Samantha was diagnosed with Ulcerative Colitis earlier this year, and underwent surgery to have a stoma fitted only 10 days after this diagnosis. Samantha has very kindly written up her experience for me to share!
Samantha, 29, Ulcerative Colitis. Writing is my passion – I’m an editor of a lifestyle magazine (@societyabdn if you want a nosy) and assistant editor of a local newspaper.
Ulcerative Colitis Diagnosis and Surgical Intervention
Currently I’m in week 8 of recovery since having my ileostomy surgery. Although I am still in shock at having to have surgery only 10 days after being diagnosed with an inflammatory bowel disease, I’m taking this recovery time to enjoy life at a slower pace and taking advantage of being able to to be a stay-at-home mum with my four-year-old son.
I was diagnosed with Ulcerative Colitis in July this year. My symptoms began completely out of the blue in March. Prior to this year I had suffered with bloating, but it was nothing that disrupted my day-to-day life or caused any real concern. In March I started finding that poo would practically “leak” from me when I went for a pee. This progressed to bouts of diarrhoea every single day.

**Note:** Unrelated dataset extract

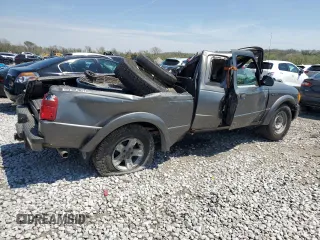 2005 Ford Ranger XLT with VIN 1FTZR45E35PA28995, listed as a Copart auction lot 52627105 with Not provided miles and Salvage title. Bid and sale history available at DreamBid. Image 3.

Then I started having diarrhoea anywhere from 6-10 times a day and every time I passed a lot of blood. I was completely drained, fatigued, and then the urgency and pain reared their ugly heads. By my birthday at the end of June I rarely left the house for fear of having an accident. I gave up gluten, dairy, every kind of junk food… but nothing helped. My doctors diagnosed me with everything from anxiety, stress, piles to IBS. I knew something was seriously wrong and I was so frustrated with my doctors. To be honest, I thought I had bowel cancer. My nerves and anxiety were completely shook. Eventually, an out of hours doctor admitted me to hospital (even though one day prior I was told by another doctor that I wasn’t ill enough to go to hospital!). From there I was diagnosed with UC and because steroids and biologics didn’t make any difference, my colon was removed on July 21.

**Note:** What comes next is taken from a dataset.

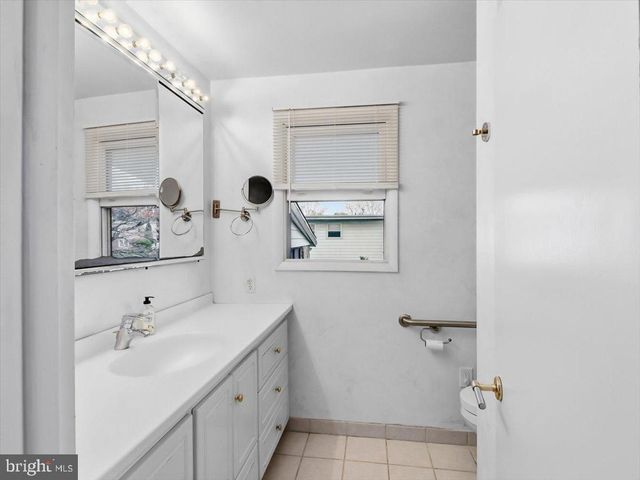 14 VASSAR RD, Broomall, PA 19008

Having a stoma absolutely has shook my body confidence. I’m still learning so much about the whole IBD journey as it’s all so new, but Instagram and people sharing their stories has really helped me to slowly rebuild my confidence. I won’t lie, I’m still rebuilding my body confidence now too. But at the end of the day, my stoma is just one small part of my body. I read that somewhere and it really struck a chord with me – it’s literally tiny. Why should I let one tiny part of my body which only I see affect my confidence so much? I shouldn’t. That doesn’t mean that it doesn’t affect my confidence, but it helps to put things in perspective for me. My body has not only fought to keep my alive, but it’s also given me my amazing son who is 4. So for that, I love my stretch marks, scars and slowly, yeah I love my stoma too! I love it because it’s allowed me to continue being a mum to my little boy. ❤️
I’m only week 8 post surgery and I’ve already been out to a restaurant, gone for walks, taken my son to the park and booked a trip away next week. I never say this, but right now, considering how new I am to UC and stoma life, I’m pretty proud of myself. I have an amazing support network of friends and family, but I know my mum in particular was worried I might crumble after having my surgery. I haven’t – okay, don’t get me wrong, I’ve cried many days – but I’m not about to let this disease or new world I’m faced with destroy me. No way.